**Task to complete**
Any picture in the range stays out of the copy; retype exactly the lines from the one with "captivating film. Breathtaking" to the end of the listing.

**Recorded data**
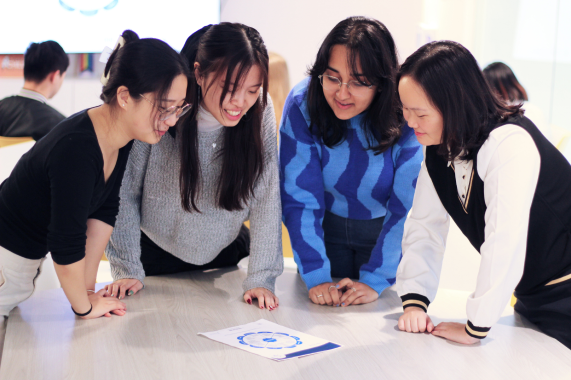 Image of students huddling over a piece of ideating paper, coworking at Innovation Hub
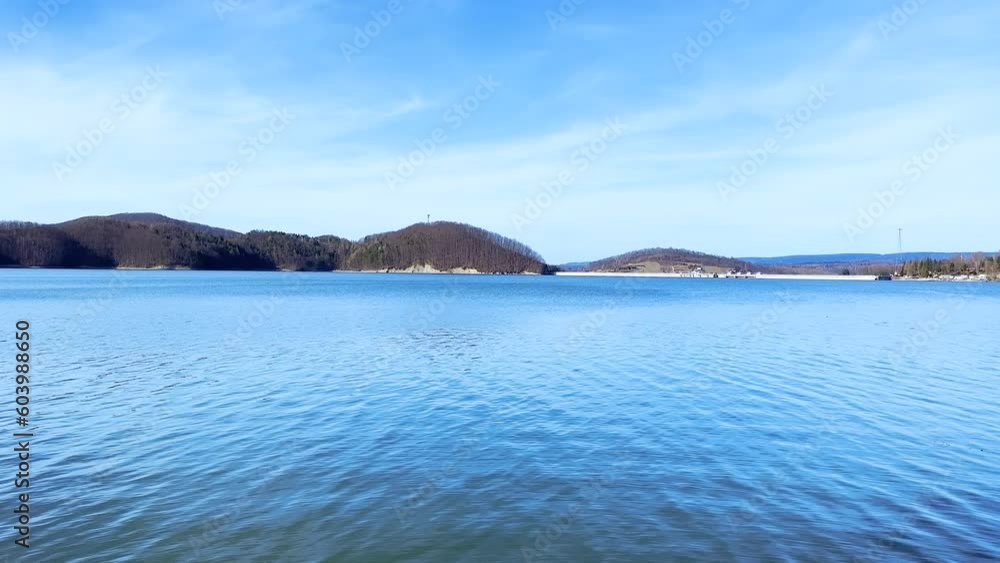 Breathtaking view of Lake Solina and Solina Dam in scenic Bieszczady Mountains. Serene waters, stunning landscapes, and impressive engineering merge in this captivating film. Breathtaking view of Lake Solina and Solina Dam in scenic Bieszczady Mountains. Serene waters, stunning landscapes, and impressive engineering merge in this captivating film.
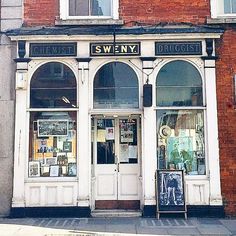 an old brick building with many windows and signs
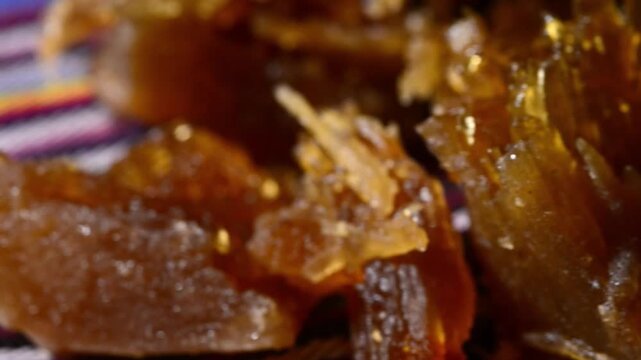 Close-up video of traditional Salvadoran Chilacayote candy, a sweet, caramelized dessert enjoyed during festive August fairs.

**Task output**
 Breathtaking view of Lake Solina and Solina Dam in scenic Bieszczady Mountains. Serene waters, stunning landscapes, and impressive engineering merge in this captivating film. Breathtaking view of Lake Solina and Solina Dam in scenic Bieszczady Mountains. Serene waters, stunning landscapes, and impressive engineering merge in this captivating film.
 an old brick building with many windows and signs
 Close-up video of traditional Salvadoran Chilacayote candy, a sweet, caramelized dessert enjoyed during festive August fairs.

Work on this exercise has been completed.